Network A lists the best prices for NYSE-listed stocks from the NYSE, local exchanges, and the OTC market. Network B lists the best prices for AMEX-listed stocks from AMEX, the local exchanges, and the OTC market, and also stocks that are only listed on local exchanges and the OTC market.
The Consolidated Quotation System (CQS) electronically disseminates these quotes across the networks.
Intermarket Trading System (ITS)
The Intermarket Trading System (ITS) is a network that links the NYSE, the AMEX, NASDAQ, and the Boston, Chicago, National (formerly Cincinnati), Pacific and Philadelphia local exchanges, and the Chicago Board Options Exchange. This system, begun in 1978, allows market makers and brokers to transmit quotes to other exchanges for better prices for the approximately 4,500 stocks listed on multiple exchanges. Thus, if a customer for a broker who is a member of the Philadelphia Stock Exchange, sees a better price on the NYSE, the broker can route the customer's order to the NYSE, then the trade is reported on the Consolidated Quotation System.
One of the problems with the ITS is that the orders are not routed automatically to the best price, but must be sent there by a market participant.
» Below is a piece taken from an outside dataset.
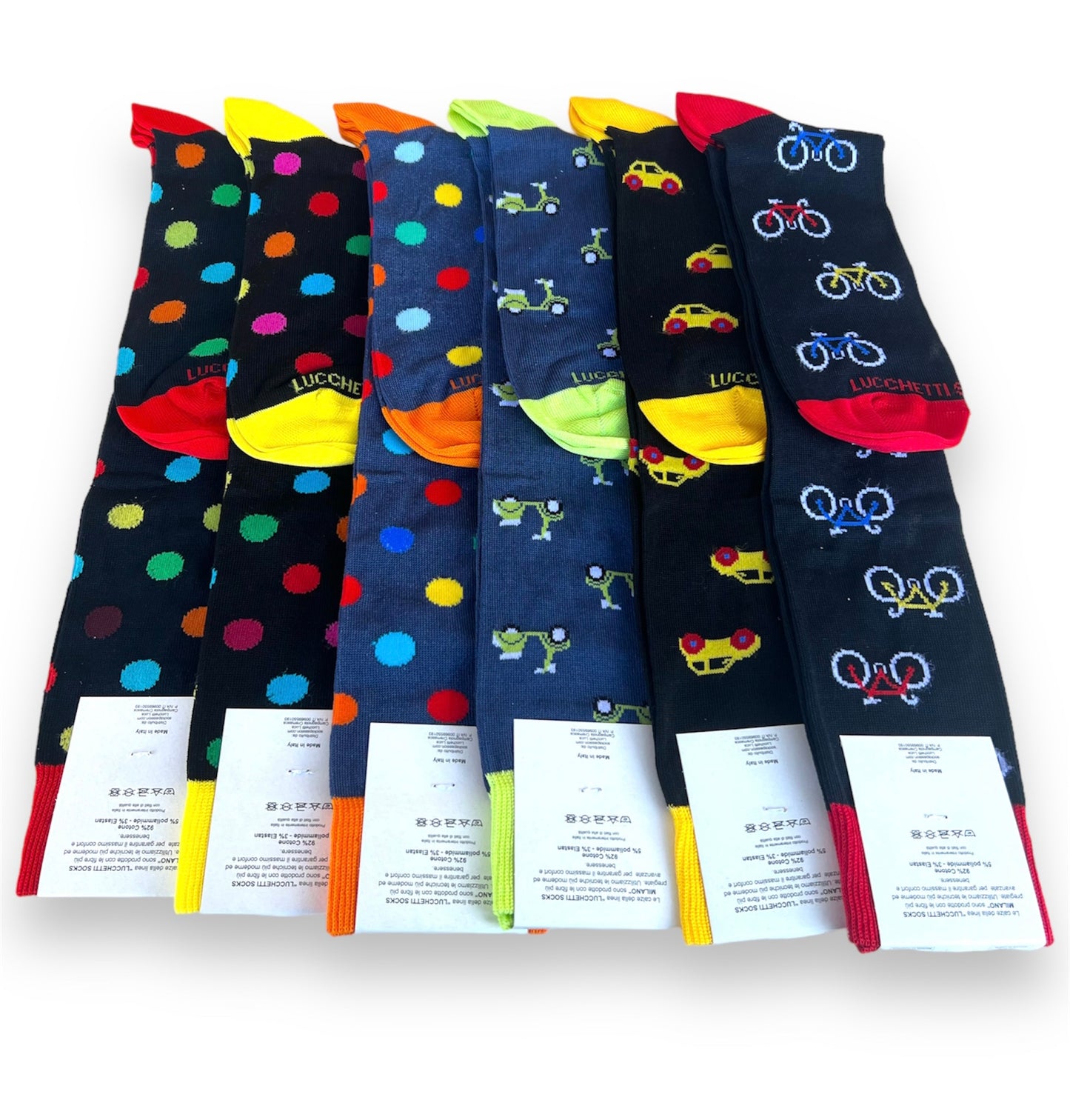 6 Paia Lucchetti Socks Milano Calze Uomo LUNGHE Filo di Scozia Fantasia Cotone Colorate Pois Righe Disegni Divertenti Made in Italy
For instance, if an NYSE specialist receives an order for a stock, but sees a better price on the ITS system, then he must either send the order to that exchange, or match the price. The ITS system is also considered too slow for the NYSE.
However, a major drawback is that it does not include quotes from ECNs, which are transacting increasing numbers of shares because of their low cost.
The solution for the future is to have an electronic network that links all the markets, aggregating all orders into 1 central limit order book, where the best inside prices can be quoted. This not only gives the best prices to the customers, but will also force the exchanges to become more efficient, since the lowest cost networks will generally have the best prices. Eventually, there will be no market makers or specialists — buyers will simply buy directly from sellers, electronically, for the lowest transaction cost possible.